First of all, during the immersion phase, the students went to meet the users and target audiences of their challenges in order to fully understand their needs and issues in the field. In compliance with health regulations, students went to a prison in the Hauts-de-France region (challenge proposed by the Ministry of Justice), to the Château de Villers-Cotterêts (challenge proposed by the Centre des Monuments Nationaux) or to the Centre Communal d'Action Sociale (CCAS) of the city of Sarcelles (challenge proposed by the UNCCAS).  

Armed with their field experience, the students then moved on to the conceptualization phase during which they experimented with the concept of "iteration" or how an idea, which seems good on paper, must be constantly confronted with the field and reworked, refined, and tightened in order to respond as accurately as possible to the real needs of users. "At Sciences Po, we are used to thinking in a linear way according to a plan, whereas design has taught us to think "in the cloud"" explains a student from the Tandem project, a mentoring program between prisoners and professionals. It was also an opportunity for some students to go back to the field to test their ideas, for example, the group working on the "Draw me an emotion" project was able to exchange with teachers from a school in Cherbourg about three devices imagined to develop empathy as a tool to fight bullying (challenge from the French Ministry of National Education and Youth). The students of the "QRiosity" project were also able to test their augmented QR code solution to collect the opinions of Transilien users in situ, directly on the platforms of some of the network's stations (challenge proposed by Transilien's Mass Transit Lab).  

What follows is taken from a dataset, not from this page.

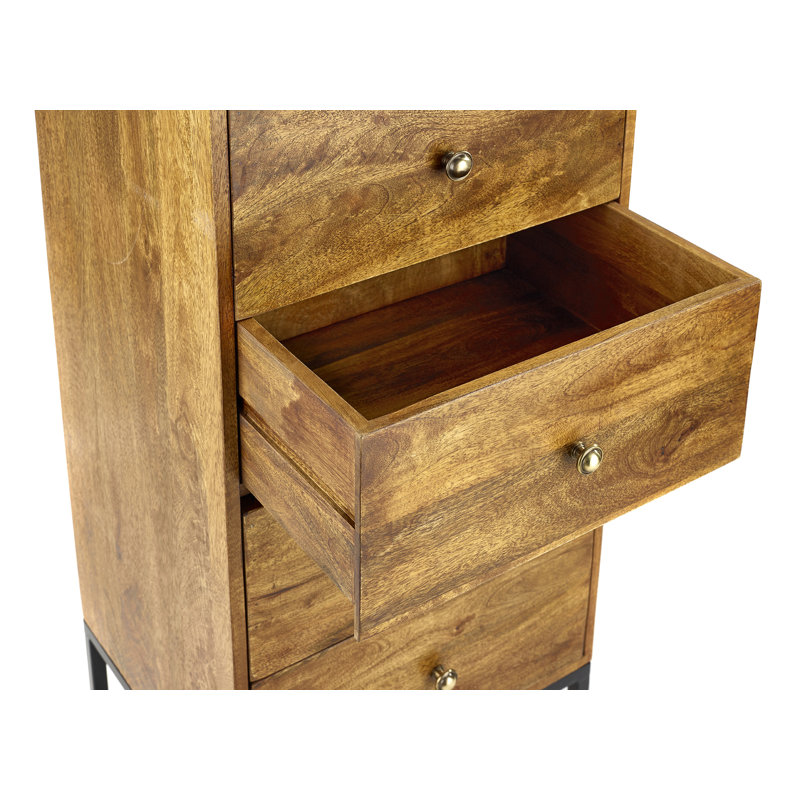 Lotsee Solid Wood 48cm W 5 - Drawer Chest of Drawers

Finally, the prototyping phase allowed the students to materialize their idea in the form of a tangible object, be it a website, an application, a kit/guide, a game, an interactive map, etc. "At first, we thought we were expected to produce a typical report format, but the design method made us step out of our comfort zone to produce a more innovative solution" explains a student from the "For Tomorrow" project, a response to the challenge proposed by the European Commission on the New European Bauhaus. In this phase, nine groups benefited from special coaching from our partner AWS to go further in digital prototyping.  

GALLERY OF CHALLENGES

 

A PROFESSIONALIZING AND TRANSFORMING EXPERIENCE 

The collaborative and interdisciplinary work, especially at a distance, the project management, the public policy design method, the immersion in the problems proposed by the partners, which were sometimes very technical and specific, all contributed to making this semester a very professionalizing experience for the students, who were able to gain practical skills in these different aspects. 

"Without this way of working, we would not have questioned what would best meet the needs of the users as much, and we would have remained very conceptual on the findings", explains a student of the "From one farmer to another" project. She adds: "The Public Policy Incubator was above all an exercise in humility. At Sciences Po, we are used to building on what we know, here we learned to build on what we don't know."  

At a time when we are confronted with uncertainty in the answers to the complex challenges of our society more than ever, this is what the program is all about: teaching students to collaborate with a diversity of profiles, each with a different way of approaching a public policy issue, making them aware of design-based approaches to try to question and solve in different ways the daily problems that affect citizens, demystifying the fact of using an "object", whether digital or not, to facilitate the experimentation of ideas.  

*The School of Public Affairs offers two master's degrees in initial training: 

  • The Master in Public Policy, allowing students to evolve in all spheres of action of public affairs.
  • The Master in European Affairs, which offers our students the opportunity to move towards European careers.

In addition to the choice of master's programs, students choose one of the 11 policy streams offered. They aim to build, develop and reinforce the professionalization of students in all areas of public affairs.